Previously, the researchers had used this technique to make sure the sample was intact and importantly, also in the right intermediate chemical state. This paper marks the first time the researchers were able to merge the two sets of information to see connections between the structural and the chemical changes. This allowed the researchers to watch how the steps unfold in real time, and learn new things about the reaction.
"It is exciting to see the 'cause and effect' of changes induced by light absorption as they happen," Yachandra says.
"It is easy to forget how critical the environment is and how it enables these really complicated processes," says Junko Yano, one of the authors of the study and a senior scientist at Berkeley Lab. "Life does not happen in a vacuum; all components have to work together to make the reaction possible. These results show us how the protein and water molecules around the catalytic cluster work in tandem for making oxygen. Our results will start a new way of thinking and inspire new kinds of questions."
Ready, set, action!
Beyond photosynthesis, Yano says, this technique can be applied to other enzymatic systems to make more detailed snapshots of catalytic reactions.

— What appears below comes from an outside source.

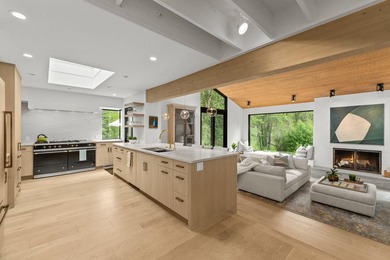 Extraordinary private riverfront retreat on 1.76 acres with - photo 6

"It allows us to connect the structural biology and chemistry of systems to understand and control complicated chemical reactions," she says.
The ultimate goal of the project is to piece together an atomic movie using many snapshots made throughout the process, including the elusive transient state at the end that bonds two oxygen atoms from two water molecules to form the oxygen molecule.
"Our dream is to go around the whole reaction cycle and get enough time points and details that you can see the entire process unfold, from the first photon of light coming in to the first molecule of breathable oxygen coming out," says co-author Jan Kern, a staff scientist at Berkeley Lab. "We've been building the set for this movie, establishing our technique and showing what's possible. Now the cameras are finally rolling and we can start working on the feature film."
In addition to SLAC and Berkeley Lab, the collaboration includes researchers from Uppsala University and Umeå University in Sweden; Humboldt University of Berlin and the University of Heidelberg in Germany; the University of California, Berkeley and the University of California, San Francisco; the Diamond Light Source and the Rutherford Appleton Laboratory in the UK; and the Japan Synchrotron Radiation Research Institute and RIKEN SPring-8 Center in Japan.
Key components of this work were carried out at SLAC's Stanford Synchrotron Radiation Lightsource (SSRL); Berkeley Lab's Advanced Light Source (ALS) and National Energy Research Scientific Computing Center (NERSC); and the SPring-8 Angstrom Compact Free Electron Laser (SACLA) in Japan. LCLS, SSRL, ALS and NERSC are DOE Office of Science user facilities. This work was supported by the DOE Office of Science and the National Institutes of Health, among other funding agencies.